95. I would state that I accept the argument put forward very ably by the Respondent's solicitor in his Supplementary Submissions, following a close examination of the authorities, when he suggests that not all cases of gross misconduct require some wilful behaviour although that is commonly an aspect of such behaviour. It must be correct that some very serious negligence could itself amount to gross misconduct and this is consistent with the cases of Alidar and Kempsill the latter being a case where a PCV driver was held to have fallen asleep at the wheel. Her also suggested that Cossington could be distinguished as there had been fault on the part of others. This was, I accept, an important background matter but even if you do not describe Mr Goodall's failure to communicate that the Methlick road was flooded, the failure to ensure that the Claimant saw the Notice warning staff about flooding or the failure by the local authority to put up road closed signs, and it might be overly harsh to do so these are still factors that give the context to the error of Judgment and cannot be simply discounted.

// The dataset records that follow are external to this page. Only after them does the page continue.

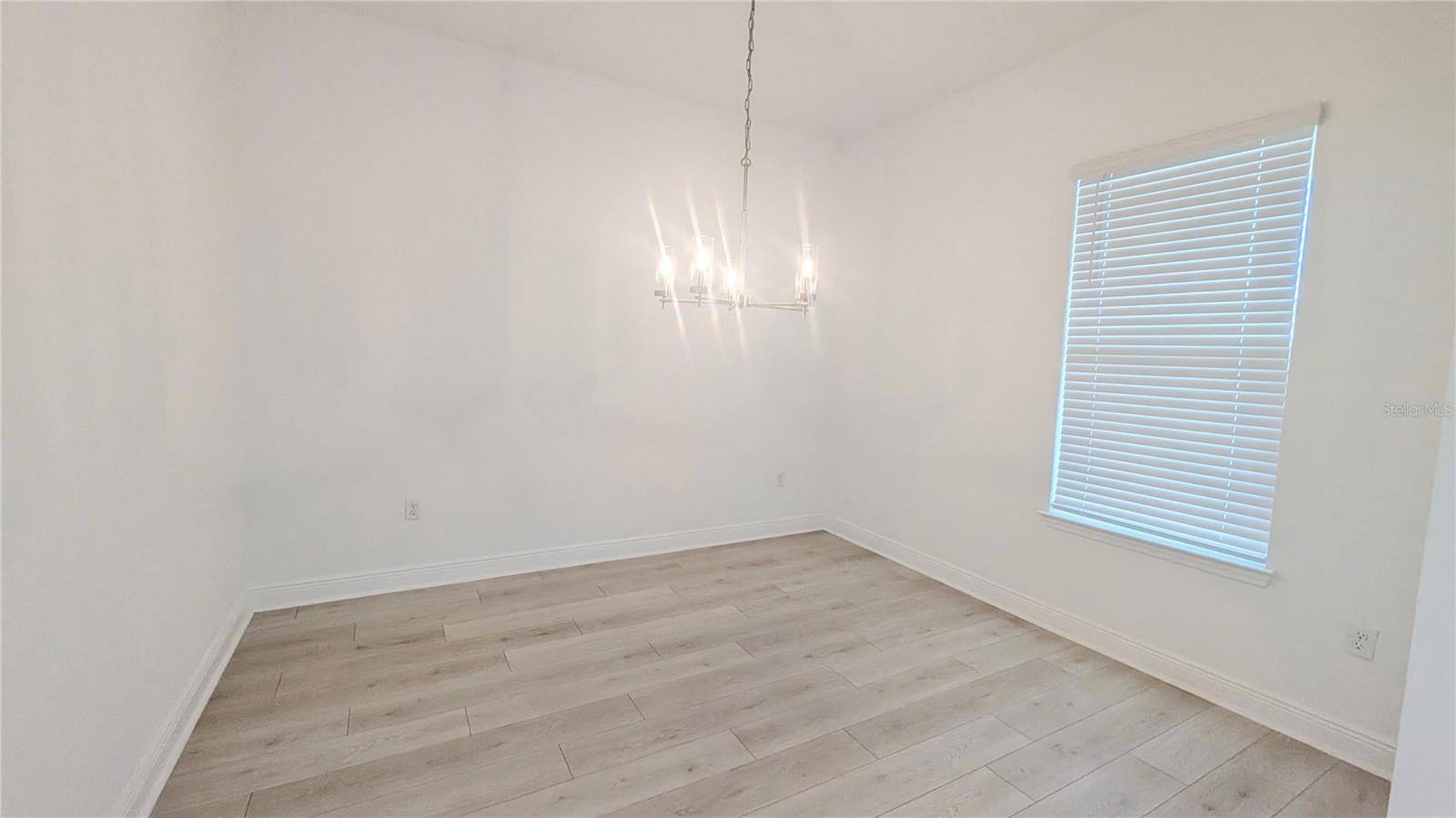 15614 VETTA DR, MONTVERDE, FL — photo 21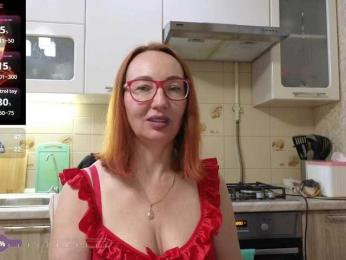 Pink-Lips — Bongacams recorded stream image, 15.08.2025 18:00
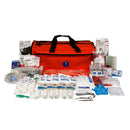 KT FIRST RESPONDER XL INDUFFLE BG (DROP)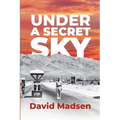 Under a Secret Sky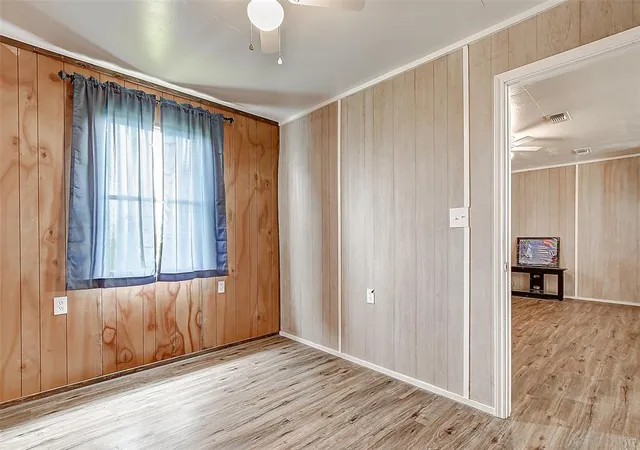 Photo 4 of Single family home for sale at 3253 Hwy 87, Port Bolivar, TX 77650 | MLS# 21275736 | Listing updated on 2026-05-23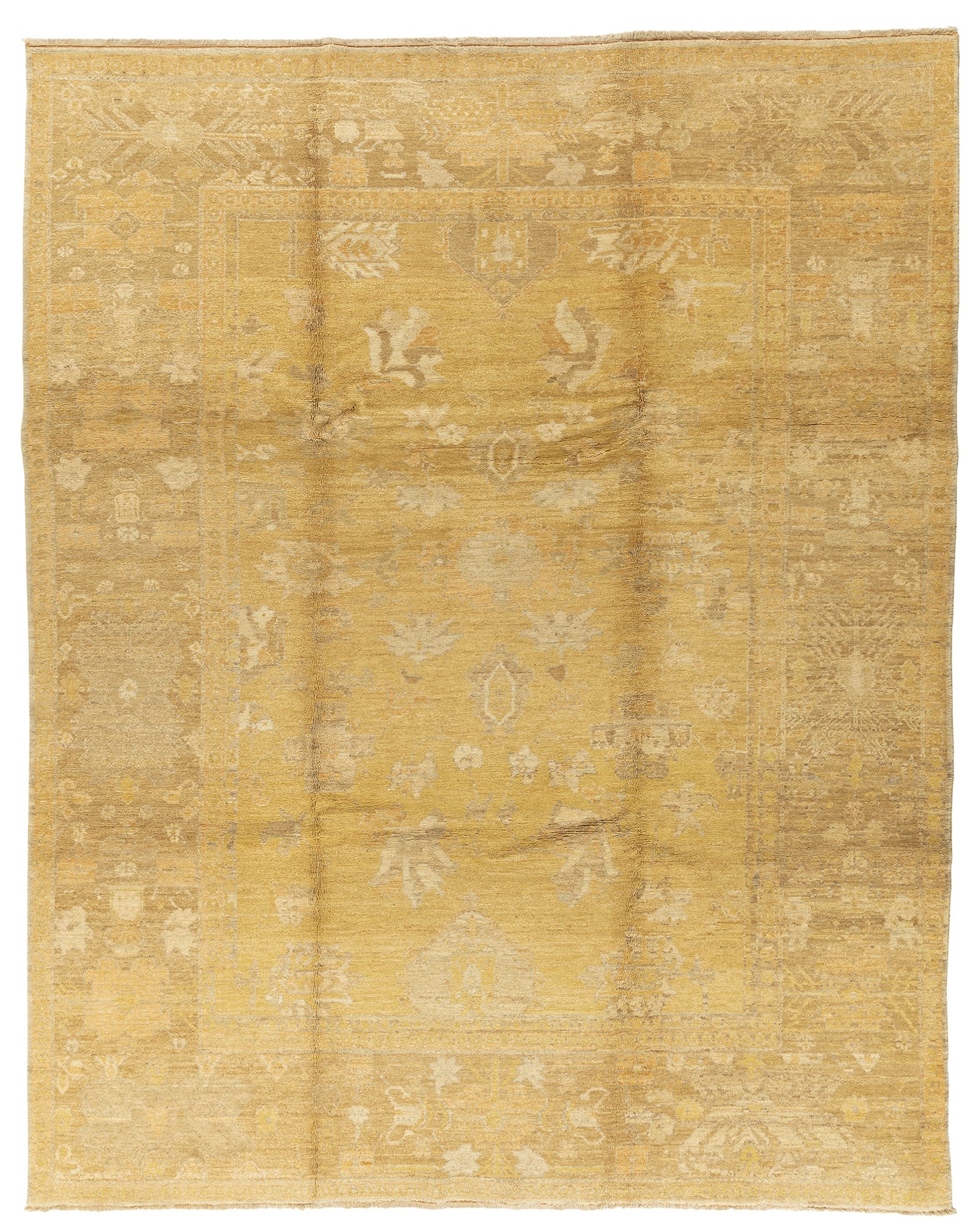 imersianvisualiserskip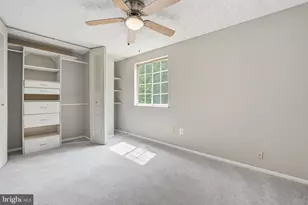 8759 Kanawha Ct, Lorton, VA 22079 - Photo 22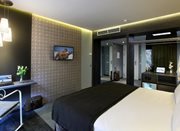 axel-two-hotel-barcelona-habitaciones-piloto-02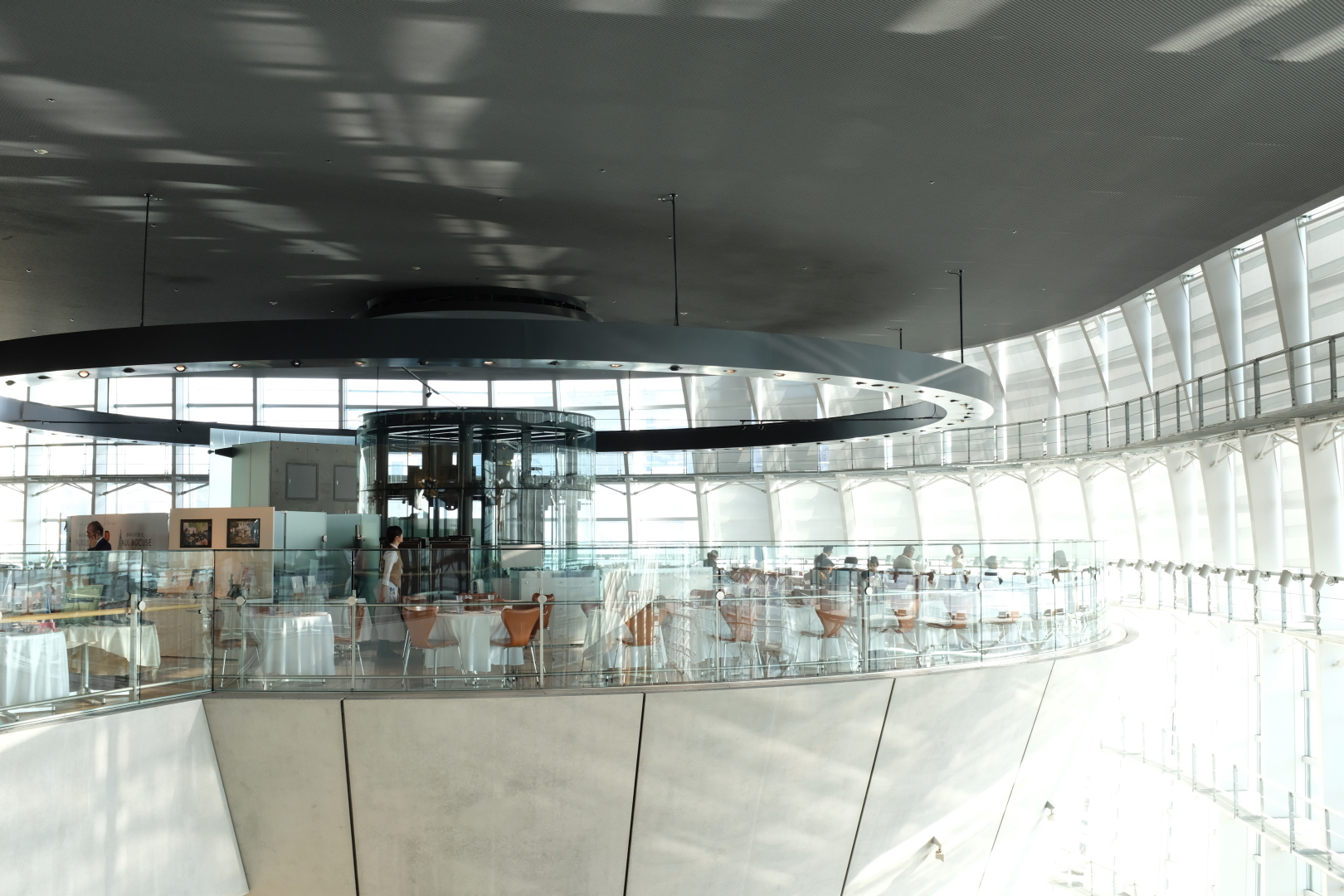 f:id:hisadoi:20191218140128j:plain f:id:hisadoi:20191218140128j:plain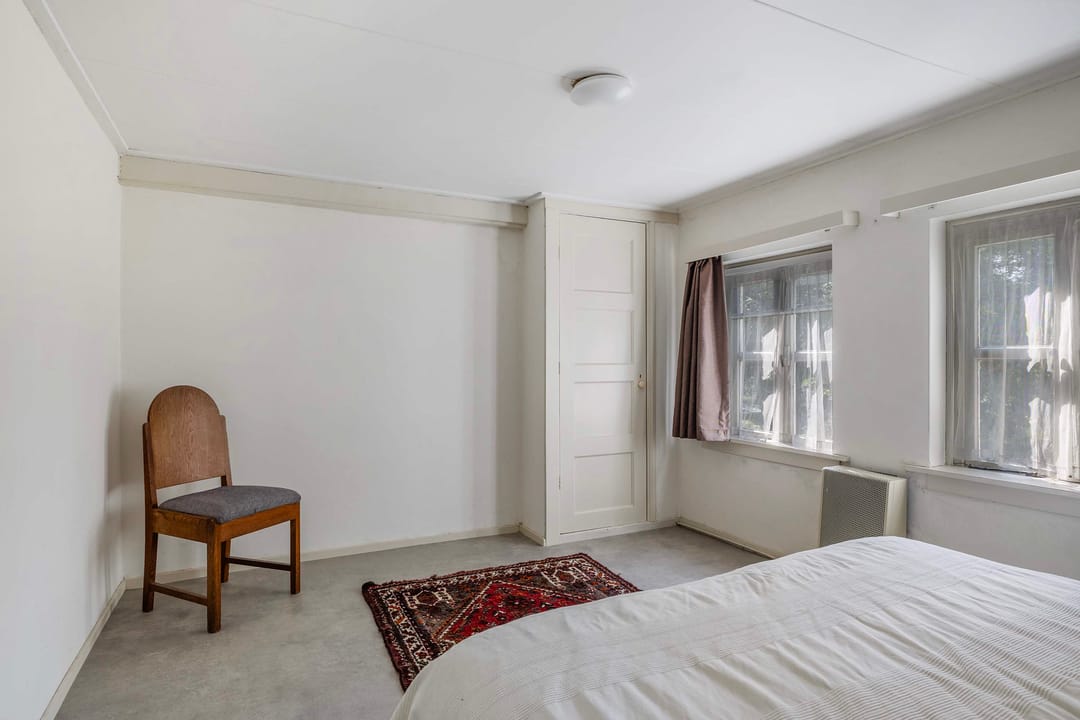 Foto 31 van Lânsbuorren 7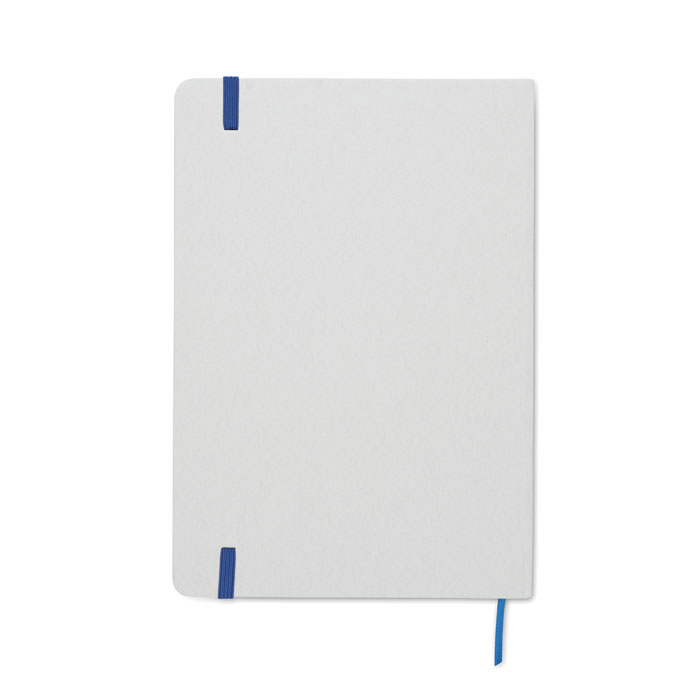 ROUTE WHITE - Billede 6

96. I consider that all that can be said about the details and the essential character of the Claimant's conduct in this case has already been said above in the context of the complaint of unfair dismissal. To set it all out here would be unnecessary repetition. It is sufficient to say that that conduct by its nature was readily distinguishable from the kind of objective behaviour that constitutes gross negligence. I could not conclude that what the Claimant did met the contractual test of amounting to a repudiation of the fundamental terms of the contract, and thus could not be described as "gross misconduct". Indeed, as the conduct essentially amounted to an error of judgment on his part, although a serious one, it would be wrong to do so.

97. It follows that the general rule that notice of termination requires to be given applied to the circumstances of this case. The respondents were in breach of contract in failing to do so and are liable in damages.

The Parties' Argument on Appeal

7. For the respondent Mr Hardman contended that both the decisions on unfair dismissal and wrongful dismissal were perverse conclusions. He argued also that the tribunal had fallen into a substitution mindset in reaching its conclusion on whether the dismissal was reasonable.

8. On the issue of perversity, Mr Hardman submitted that there was no evidence to support the employment judge's comment that the respondent's managers who considered the claimant's conduct did so with the benefit of hindsight. He focussed on the sentence in paragraph 87 of the judgment which reads :

"The matter is examined, I believe, despite prosecutions to the contrary, with the benefit of hindsight in that the managers were aware that the road was deeply flooded."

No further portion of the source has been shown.